1月第二の主日を迎えました。今朝も主の招きにあずかり、ともに御前に進み出て主を礼拝し、みことばの養いにあずかることのできる恵みに感謝します。主がその名前を呼んで御前に呼び集めてくださった愛するおひとりひとりの上に主の豊かな祝福がありますように祈ります。
1.創造の神、交わりの神
『私たちの信仰』の6回目、前回から「聖書」、「神」に続いて「人とは何ものか」という主題に入り、今回は人間の罪の問題を扱います。神さまに続いて人間について扱う。なぜこの順序なのでしょうか。前回、宗教改革者カルヴァンの言葉を紹介しました。人がどうしても知らなければならない二つの知識がある。一つが神を知ること、いま一つが己を知ることだ、というものでした。私たちが自分自身を知るには、ただ自分の外側を眺めればよいというものではない。また自分の内側をのぞき込めばよいというものでもない。私たちを造り、生かし、愛してくださっているまことの神さまを知ることなしに、私たちは自分自身をも正しく知ることはできない。だから神について知り、そして己について、人間について知るという順序が大切なのです。
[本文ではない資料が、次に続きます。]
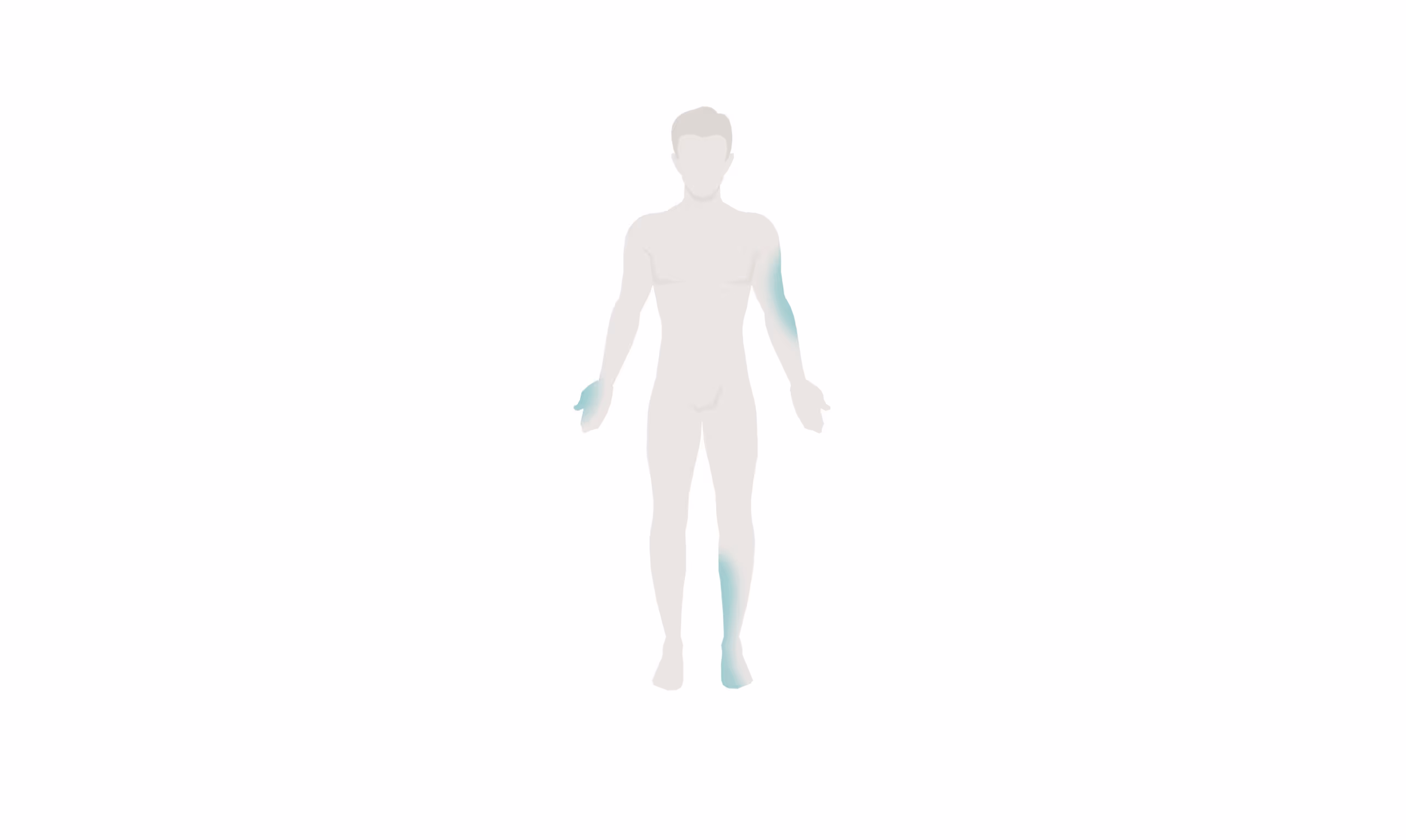 ผู้ป่วยที่มีอาการชาส่วนปลายของแขนและขาทั้งสองข้าง - Numbness on single arm or leg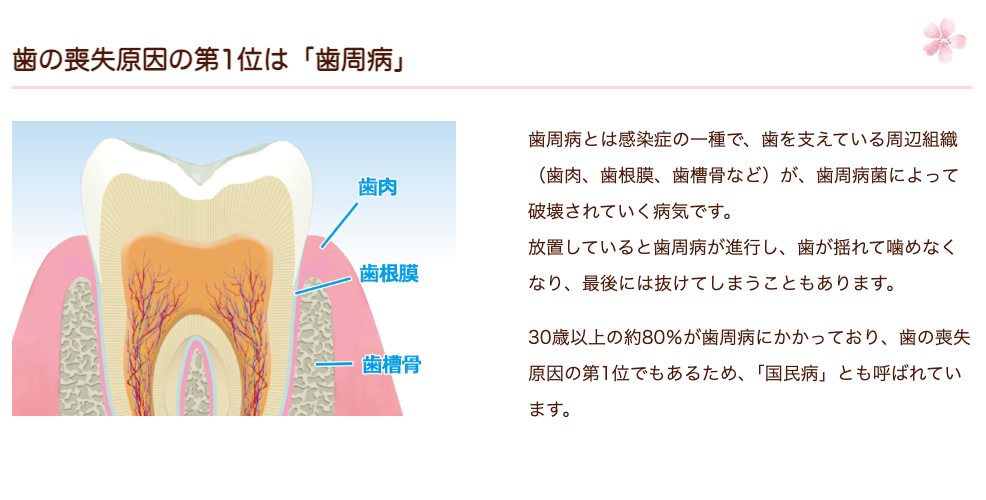 歯周病の進行を防ぐため、患者様の症状に応じた適切な治療と予防ケアを提供しています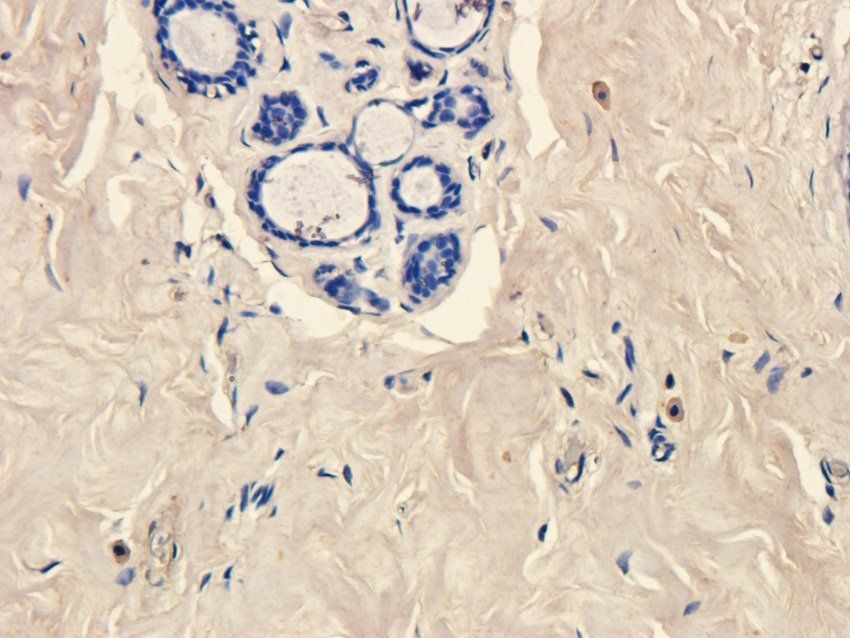 NPY1R Rabbit Polyclonal Antibody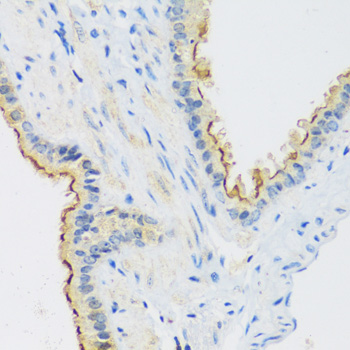 Immunohistochemistry - C1GALT1 Polyclonal Antibody 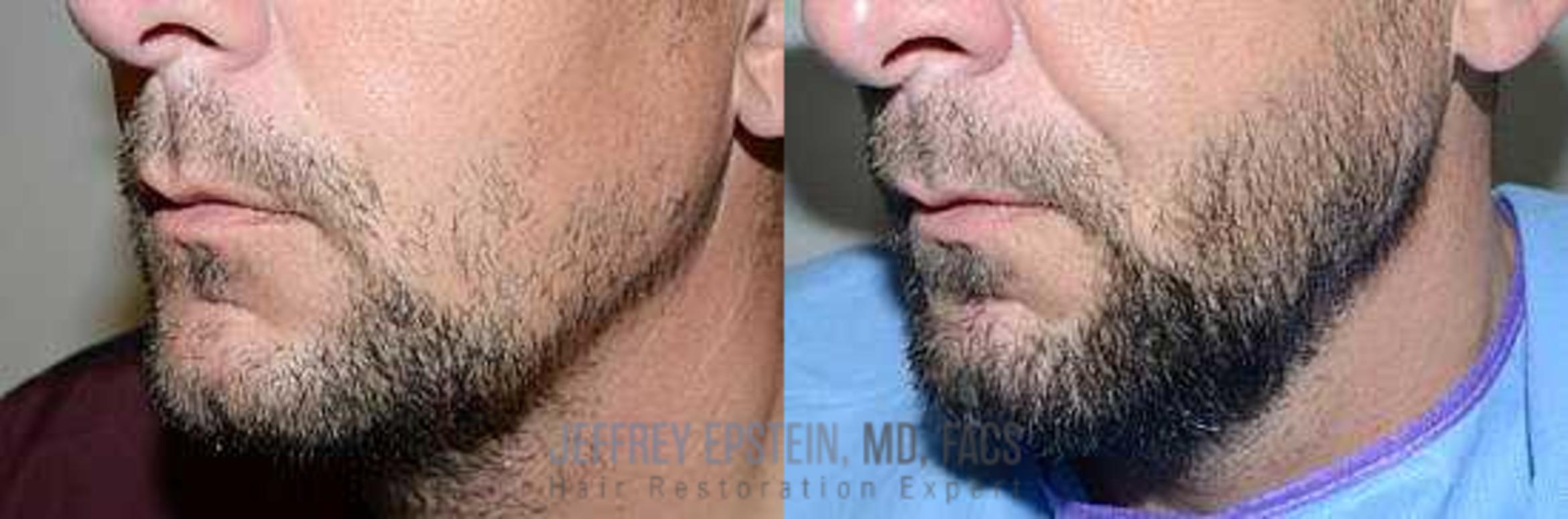 Before & After Beard Transplant Case 385 View 3 View in Miami, FL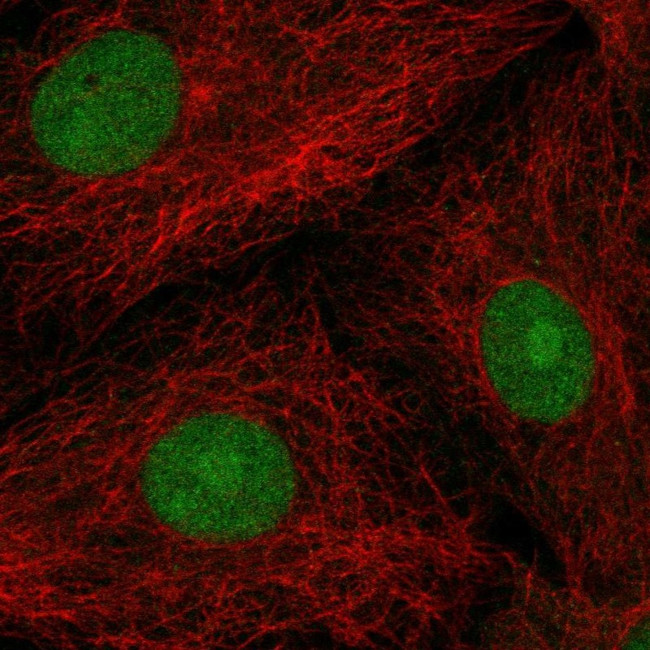 POP4 Antibody in Immunocytochemistry (ICC/IF)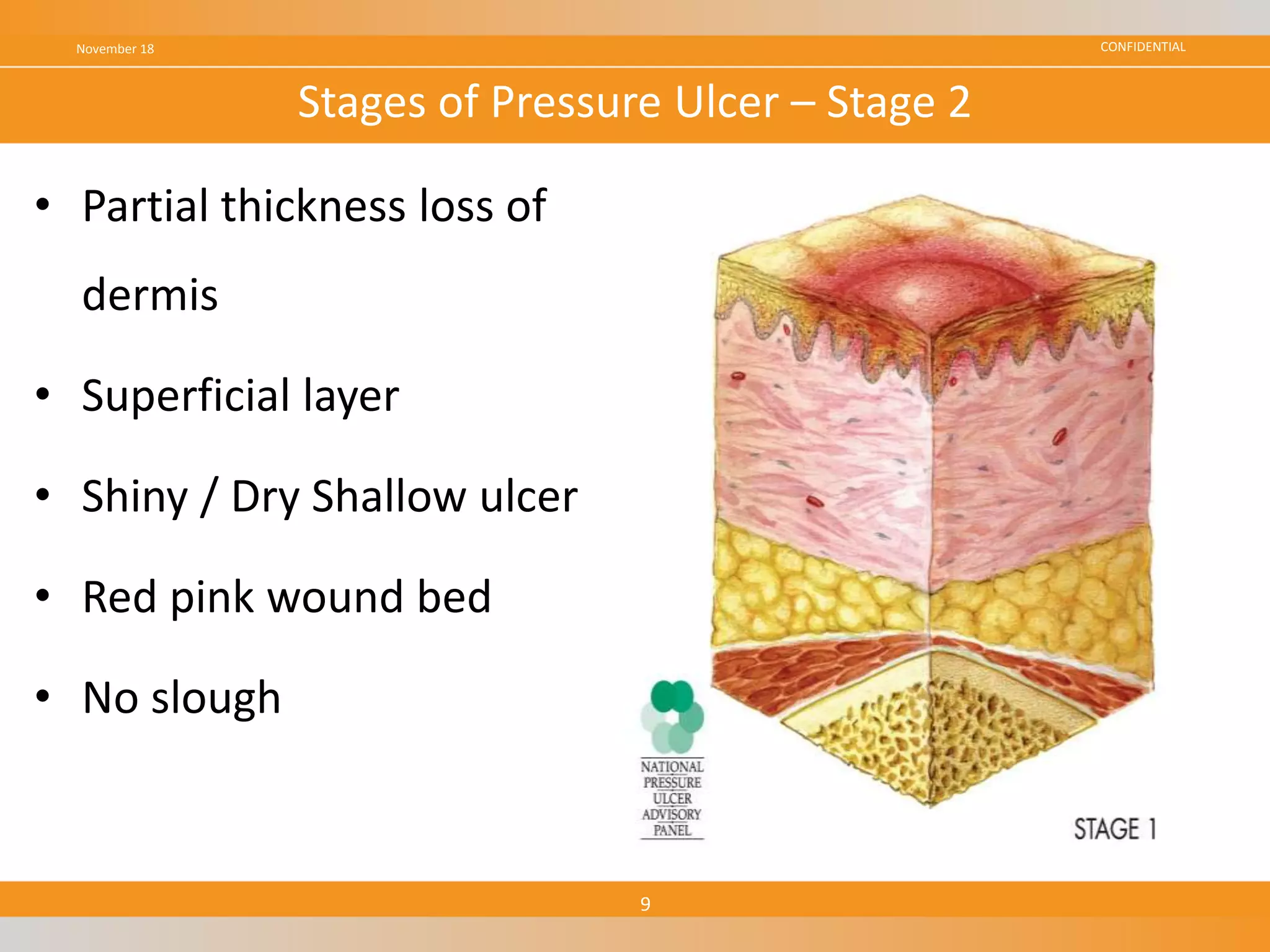 CONFIDENTIAL
• Partial thickness loss of
dermis
• Superficial layer
• Shiny / Dry Shallow ulcer
• Red pink wound bed
• No slough
November 18
9
Stages of Pressure Ulcer – Stage 2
では神さまを知ることによって見えてくる私たち人間の姿とはどのようなものだったか。これも前回のおさらいですが、先ず第一に、神さまは私たちを特別な思いと計らいをもって創造してくださり、しかも私たちを神さまのかたちにお造りくださったという点で、そこに人間というものを尊厳ある存在としてくださったということです。次いで第二に、こうして尊厳ある存在として造られた人間は、しかしまた大地のちりから形造られたゆえに、そこに人間の脆さ、弱さがあるということです。この人間の限界を知り、自分の限度をわきまえること。これもまた神を知ることなしには分からないことでした。神を神として知り、認め、礼拝するときに、私たちは己を知り、わきまえ、ぬかずく者となる。神を神とするときに、人は人として生きる者となるのです。
2.罪人としての人間
ところがこの人間として分を越え出たところから人間の罪が始まってしまった。これが前回に続いて今日学ぶ人間の姿、しかも罪のゆえに悲惨な存在となってしまった人間の姿です。そしてここに大事な聖書の人間理解、人間観があるのです。ローマ書7章18節から20節。「私は、自分のうちに、すなわち、自分の肉のうちに善が住んでいないことを知っています。私には良いことをしたいという願いがいつもあるのに、実行できないからです。私は、したいと願う善を行わないで、したくない悪を行っています。私が自分でしたくないことをしているなら、それを行っているのは、もはや私ではなくて、私のうちに住んでいる罪です」。そして24節。「私は本当にみじめな人間です。だれが、この死のからだから、私を救い出してくれるのでしょうか」。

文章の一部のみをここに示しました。